THE VERY CLEVER PRINCE

I first posited this logic puzzle to B and L in a math circle 2 years ago.  M heard it for the first time last year.  S was hearing it for the first time.  It goes like this:

Once upon a time a princess wanted to marry a prince.  Her father the king was opposed.  He told the prince, ‘I am going to write Life on a card and Death on a card and turn them face down.  Tomorrow you are to randomly choose one.  If you choose the Death card you will die, but if you choose the Life card you may marry my daughter.’  That night, the king secretly had the cards changed, so that they both read ‘Death.’  The princess was spying and saw it happen.  She alerted the prince, who was clever enough to devise a strategy that succeeded in him marrying the princess.  What did he do?”

We had spent a LOT of time on this problem in the prior math circles.   The kids asked question after question, forming conjecture after conjecture.  I congratulated them on their wonderful ideas, but had to tell them that sadly their ideas were not the same ideas that the prince used, that somehow his idea involved mathematical thinking.  Toward the end of their work on this (probably 10-15 minutes) they were getting closer to mathematical (versus physical/technological) solutions.  “Can’t you just tell us the answer?” pleaded S several times.

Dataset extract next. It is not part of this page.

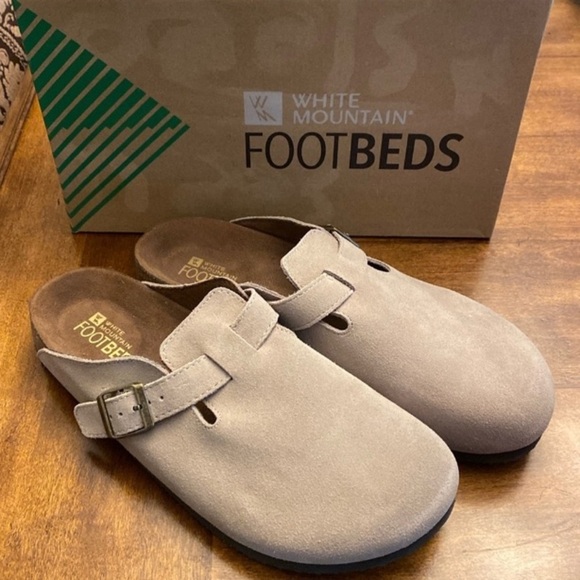 White Mountain Light Gray Suede Clogs 🆕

“I don’t want to reveal the answer since B and L have been working toward the solution for  two years and M for one.  I want you all to have the fun of figuring it out for yourselves.”  It seemed that B and L agreed with me.  (Both had asked me about it a number of times outside of math circle.)

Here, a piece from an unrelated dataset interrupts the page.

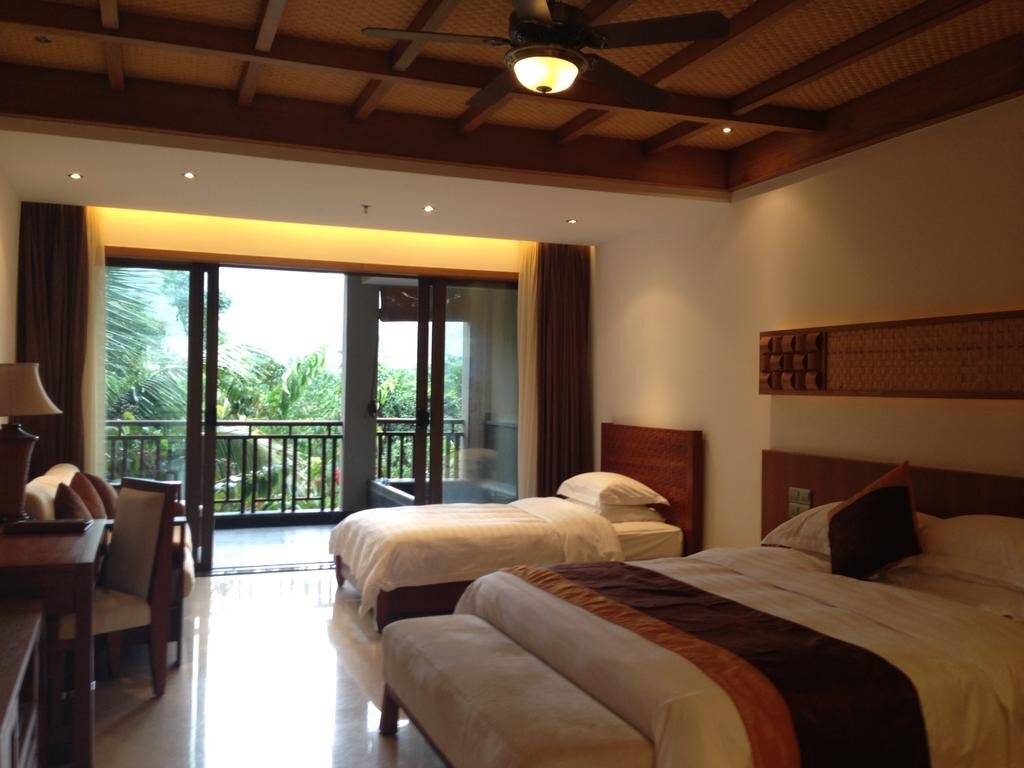 Hainan Qixian Yaochi Springs Resort — фото 1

M had a confession to make, though.  With a smile she said, “I heard the problem last year, but I actually didn’t work on it outside of math circle.”  I reassured her that there is no expectation of working on these problems independently.

“But tell me this,” said S (or maybe B?).  “Do you know the answer?”  I assured them that I do, even though sometimes I give problems that I don’t know the answer to or are unsolved.  I was delighted that it did occur to these kids that I might not know the answer to something.  I mention these comments about “the answer” because it’s interesting to notice how kids’ thinking evolves in math circles.  My experience is that kids come into math circle expecting the teacher to know The Answer, believing that there is One Answer, and that if the going gets tough the teacher will reveal The Answer.  It is so exciting to see how quickly these notions can be disabused.

Rodi

PS  Thanks to Amanda Sereveny, Julia Brodsky, Emily McCullough, Maria Droujkova,  Ashley Ahlin, and the Berkeley Math Circle for these activities.